I remember sitting at a picnic table on the outdoor patio of my office building about 20 years ago. This was heyday of the first dot com years, when breathing was the only qualification you needed to get a job with a startup company. I had landed a position at CNET, already a demonstrated leader in the technology review market. Our departments were spread among several buildings along the odd numbered piers of San Francisco’s northeast waterfront. From the second floor patio, I could catch glimpses of the bay, but today I was focused on the brick that made up the low wall at the edge of the patio.
I was admiring the clean grout line separating what appeared to be perfectly parallel rows of bricks. I wondered about the bricklayer and what was going through his mind that day as he stacked those bricks. Would he wonder about who’d later be sitting at the patio? What he would be doing that weekend with his family?
I often like to envision people I see doing everyday jobs as they might have been just a few hours earlier. Asleep in their bed, getting up and having coffee, brushing their teeth in front of the bathroom mirror. It’s a fun way to give humanity to someone who, in their occupation, might be a completely different person than they are when they are at their most vulnerable.
That day, however, I followed a different path, the path of the brick. I wondered how it arrived there. So many different opportunities presented themselves: the life of the delivery truck driver, the life or the person at the brick foundry, the life of the person at the quarry who dug up the raw materials. Staying with the brick, however, I began to think about the elements that make up a brick: clay, shale, sand, lime.

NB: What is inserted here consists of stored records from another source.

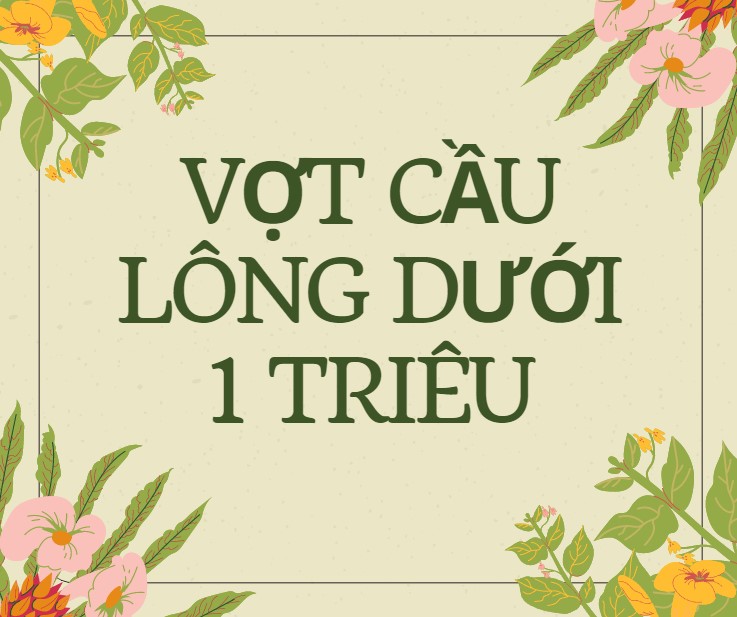 Top 5 vợt cầu lông sưới 1 triệu đáng mua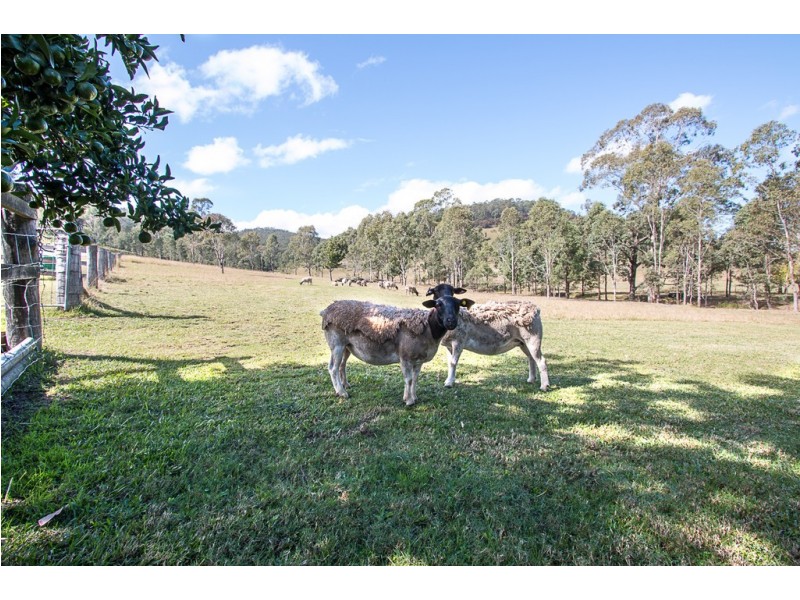 12 Tanna Road, Clarence Town NSW 2321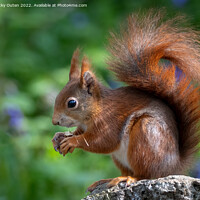 Buy canvas prints of A close up of a red squirrel on a rock by Vicky Outen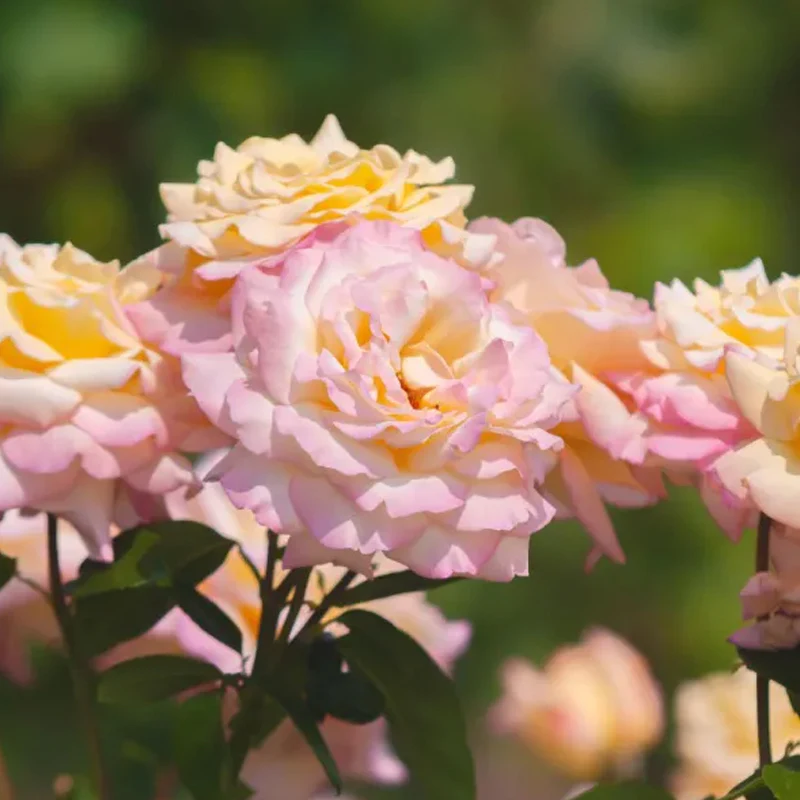 Peaceful Roses - The Messenger of Peace - Image 6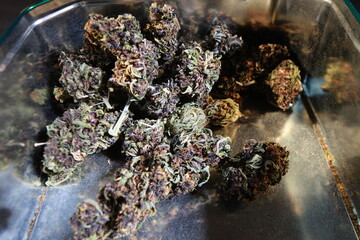 dry bud medical marijuana.cannabis close up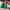 Nike Minimalist Pria green photo 4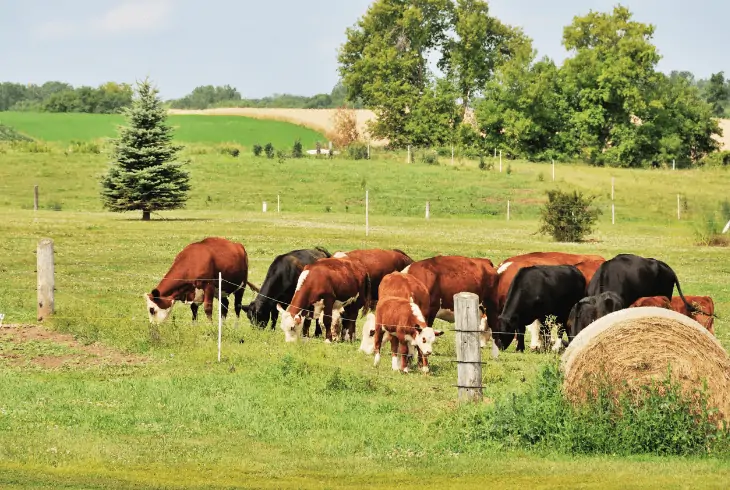 animals grazing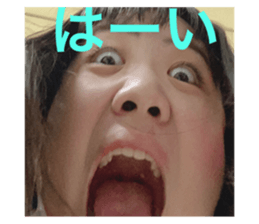 333504475
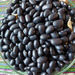 POROTO NEGRO ORGÁNICO - Copia de Poroto negro (2).jpg.jpg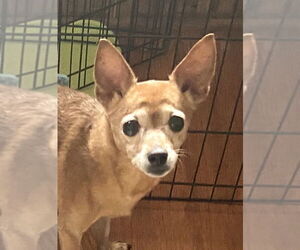 Chihuahua Dogs for adoption in Wheaton, IL, USA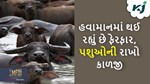 હવામાનમાં થઈ રહ્યો છે ફેરફાર, પશુઓની વધુ કાળજી લેવાની જરૂર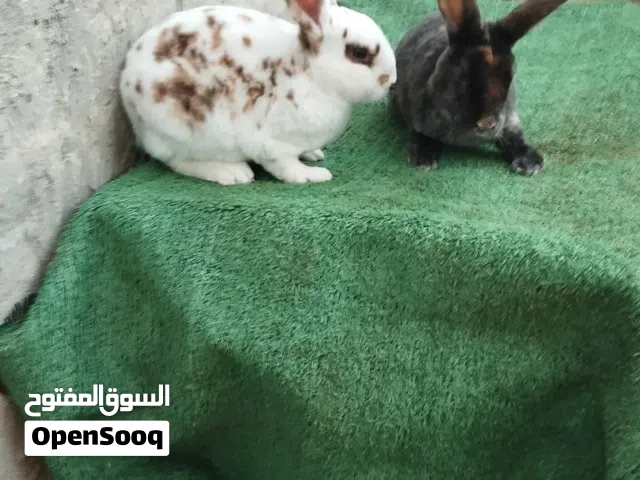 كوبية ركس العمر 3 شهور دراجة أولا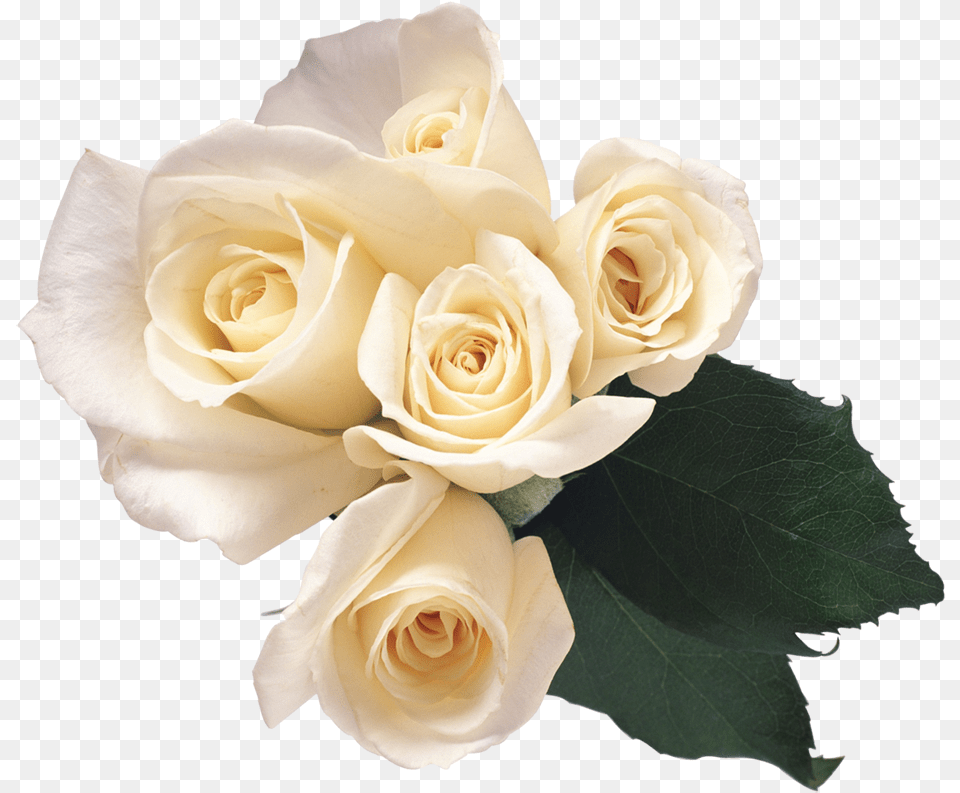 Download White Roses Image For White Roses, Flower, Flower Arrangement, Flower Bouquet, Plant Free Transparent Png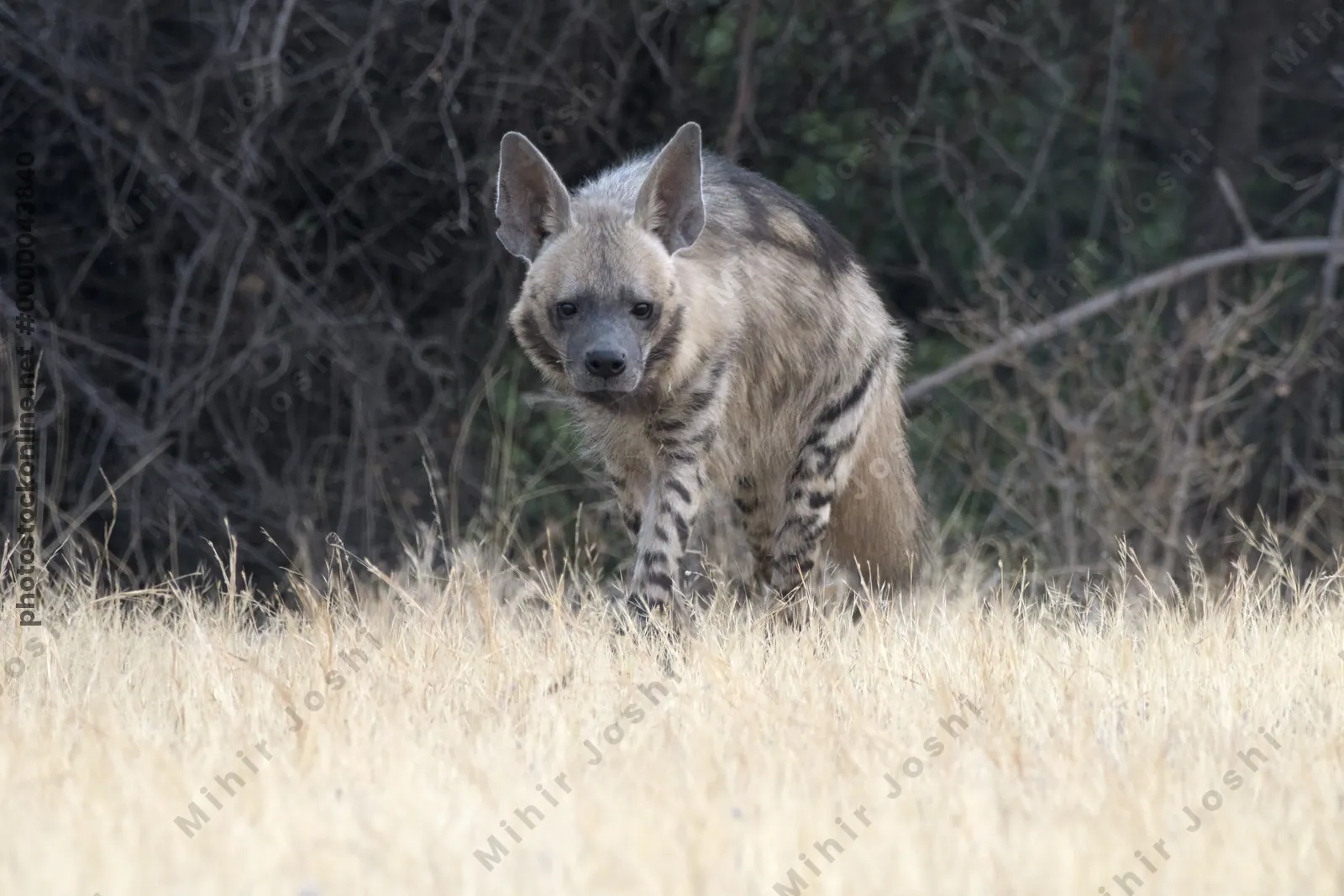 Striped Hyena (Hyaena hyaena) walking through the dry grasslands of Bhigwan, Maharashtra - Indian wildlife habitat scene.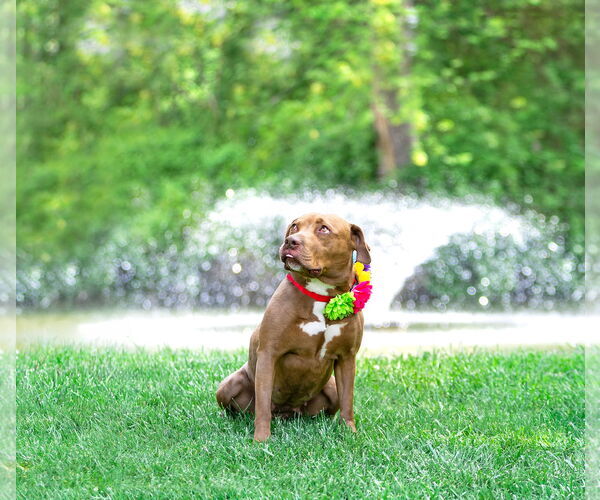 Medium Photo #4 Mutt Puppy For Sale in Unionville, PA, USA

As I imagined the origins of each of these materials, I found myself in prehistoric times with dinosaurs walking the earth. I imagined a brontosaurus heading home to feed its young but falling prey instead to a Tyrannosaurus. The family of the bronto wouldn’t know why their mother never returned, instead being torn to pieces with nothing but bones left to tell the story, a story that would later turn those bones to dust that would become part of the material that was used to make the brick in front of me some 66 million years later.
I do this often: look back at the origin of something I use or interact with in my life. It helps me to appreciate more all the that goes into providing me with the products I use. Think of how much more you’d value things if you considered the history that went into bringing them to you. I’ve always wanted to write a book about the origins of things that we use in our daily lives, but for now, I will have to hope that I’ve at least inspired you to look deeper into the things in front of you.